*** Records for processing Section Begins ***
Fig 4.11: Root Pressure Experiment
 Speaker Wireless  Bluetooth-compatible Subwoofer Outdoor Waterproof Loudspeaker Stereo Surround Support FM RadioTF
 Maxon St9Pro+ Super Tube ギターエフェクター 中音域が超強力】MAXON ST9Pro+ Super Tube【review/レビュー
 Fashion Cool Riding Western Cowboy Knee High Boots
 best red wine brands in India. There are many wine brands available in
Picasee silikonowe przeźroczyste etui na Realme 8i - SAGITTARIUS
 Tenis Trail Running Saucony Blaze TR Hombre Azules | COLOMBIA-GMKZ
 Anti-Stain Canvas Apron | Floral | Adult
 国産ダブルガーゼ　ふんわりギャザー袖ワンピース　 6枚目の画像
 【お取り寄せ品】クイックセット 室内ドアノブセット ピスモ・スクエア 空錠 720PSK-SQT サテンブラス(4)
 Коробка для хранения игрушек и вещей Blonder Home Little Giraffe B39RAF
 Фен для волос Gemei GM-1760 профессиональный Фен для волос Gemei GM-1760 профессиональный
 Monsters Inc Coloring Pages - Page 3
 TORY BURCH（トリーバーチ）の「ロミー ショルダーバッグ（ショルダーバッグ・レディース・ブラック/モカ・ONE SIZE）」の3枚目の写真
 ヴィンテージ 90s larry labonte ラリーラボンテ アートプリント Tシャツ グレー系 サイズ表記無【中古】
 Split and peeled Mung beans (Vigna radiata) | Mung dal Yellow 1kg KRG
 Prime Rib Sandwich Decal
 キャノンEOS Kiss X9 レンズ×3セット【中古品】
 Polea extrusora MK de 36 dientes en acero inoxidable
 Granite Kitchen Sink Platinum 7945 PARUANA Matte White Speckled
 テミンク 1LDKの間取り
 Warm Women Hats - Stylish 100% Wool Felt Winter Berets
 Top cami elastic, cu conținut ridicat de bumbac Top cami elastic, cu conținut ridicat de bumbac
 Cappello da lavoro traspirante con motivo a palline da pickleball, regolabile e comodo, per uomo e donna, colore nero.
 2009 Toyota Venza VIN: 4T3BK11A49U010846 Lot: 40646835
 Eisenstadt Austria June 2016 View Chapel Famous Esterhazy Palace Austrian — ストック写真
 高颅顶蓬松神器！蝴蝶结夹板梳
*** Records for processing Section Ends ***
- _About this exercise_: Starting with the first line of the listing above and ending with the line that holds "Anti-Stain Canvas Apron | Floral | Adult", return those lines exactly as written, both included.

- _Expected answer_:
Fig 4.11: Root Pressure Experiment
 Speaker Wireless  Bluetooth-compatible Subwoofer Outdoor Waterproof Loudspeaker Stereo Surround Support FM RadioTF
 Maxon St9Pro+ Super Tube ギターエフェクター 中音域が超強力】MAXON ST9Pro+ Super Tube【review/レビュー
 Fashion Cool Riding Western Cowboy Knee High Boots
 best red wine brands in India. There are many wine brands available in
Picasee silikonowe przeźroczyste etui na Realme 8i - SAGITTARIUS
 Tenis Trail Running Saucony Blaze TR Hombre Azules | COLOMBIA-GMKZ
 Anti-Stain Canvas Apron | Floral | Adult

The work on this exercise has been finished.